1933年1月30日、ナチス政権が合法的に成立した。 その年の秋、ヒトラーはワイマールの「ニーチェ資料館」を訪れ、フリードリッヒ・ニーチェの妹で87歳のエリーザベト・ニーチェと会談した。 この時、彼女はヒトラーの「すばらしい、まさしく非凡な人格」について歓喜して語った。 兄も必ずや自分と同じ意見でしょうと、老婦人エリーザベト・ニーチェは語った。 ヒトラーとエリーザベト・ニーチェとの関係に関しては、イギリス人ジャーナリストのベン・マッキンタイアーが書いた『エリーザベト・ニーチェ  ニーチェをナチに売り渡した女』(白水社)が詳しいが、この本には南アメリカに関して興味深いことが書かれている。 ベン・マッキンタイアーによれば、エリーザベト・ニーチェは1886年にドイツ人の集団を率いて南アメリカのパラグアイに純粋ゲルマン人の新しき村「新ゲルマニア」を作った。 エリーザベト・ニーチェはパラグアイから帰国後、兄の著作を改竄し、ナチスの思想的バックボーンとなるニーチェ神話を作り上げたという。

この本の中で、ベン・マッキンタイアーは次のように述べている。「1886年2月25日、ニーチェの妹エリーザベト率いるゲルマン人開拓団一行はハンブルクで蒸気船ウルグアイ号に乗り込み、南アメリカ・パラグアイの真ん中に入植した。 彼らは自分たちの植民地を『新ゲルマニア』と呼んだ。 この『新ゲルマニア』はパラグアイの首都アスンシオンから北150マイルほどのところにあり、2つの川に挟まれている。 土地の人々から『カンポ・カサッシア』と呼ばれていたその地域は、戦争の所為でほとんど無人地帯になっていた。 エリーザベト・ニーチェは『新ゲルマニア』に『フェルスターホーフ』と名付けた大きな家を建てた。 植民地で一番豪華な家だった。 最初の2年間で40家族が『新ゲルマニア』へ向けて旅立った。 そのうちの4分の1は1888年7月までに断念し、100の分譲地のうち70が売れ残った」。
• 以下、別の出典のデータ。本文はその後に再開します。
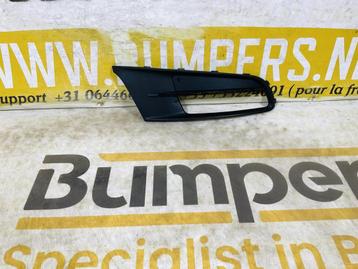 Rooster Volkswagen Sharan 7N0853666B Mistlamprooster 2-P6-12 beschikbaar voor biedingen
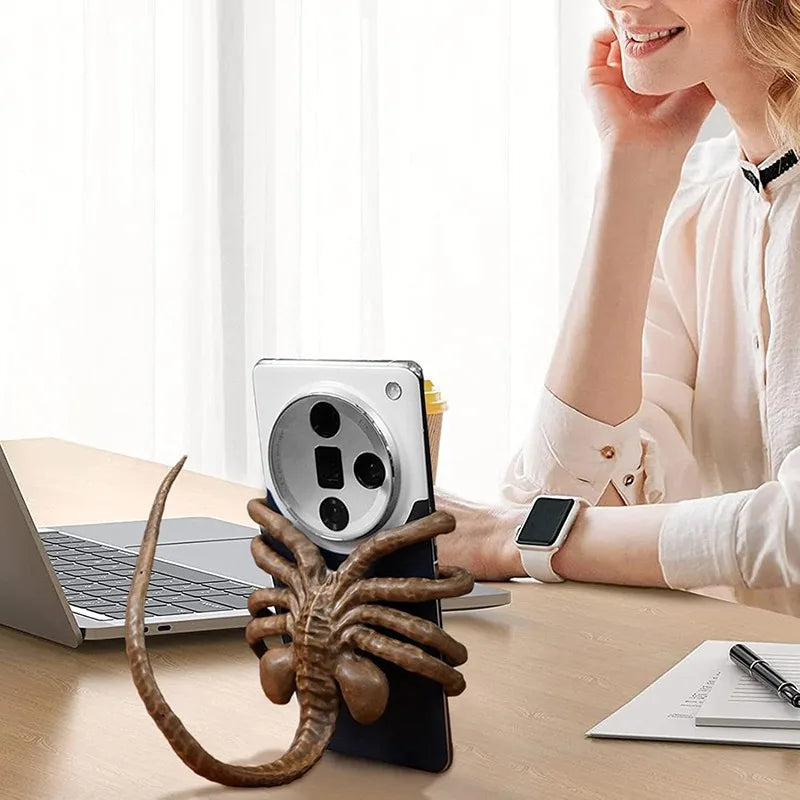 Xenomorph Facehugger Mobile Phone Holder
この「新ゲルマニア」とナチスとの関係について、ベン・マッキンタイアーは次のように書いている。「故国を離れた膨大な数のドイツ人を国家社会主義の信奉者にすることはナチス思想の中心的な信条だった。 ドイツ国外での最初のナチ党はパラグアイに設立され(1932年)、半世紀前にエリーザベト・ニーチェの夫が自ら命を絶った『ホテル・デル・ラーゴ』がナチスの主要な集会場所になった。 ナチ党員たちはドイツ国内にも負けないほど精力的に、そして、ドイツ大使館の公然たる後押しのもとに、支持者を求めて南アメリカ各地を回った。 パラグアイの首都アスンシオンにいたドイツ人牧師カルロス・リッヒェルトは、ベルリンの福音派教会の指示により、ナチスの宣伝に努めながらパラグアイ国内を巡回した。 彼が『新ゲルマニア』に現れ、持ってきた映写機でナチスの宣伝フィルムを見せたとき、植民者たちは、初めはびっくりし、やがて熱狂した。 エリーザベト・ニーチェは、ナチスの主義主張が植民者たちに十分に受け入れられたことを知り、喜んだ。 『いつか彼らはみな国家社会主義者になるだろう。 我らが素晴らしいアドルフ・ヒトラー総統は正に天からの有り難い贈り物であり、ドイツ人はどんなに感謝しても足りないくらいなのだ』と彼女は書いている」。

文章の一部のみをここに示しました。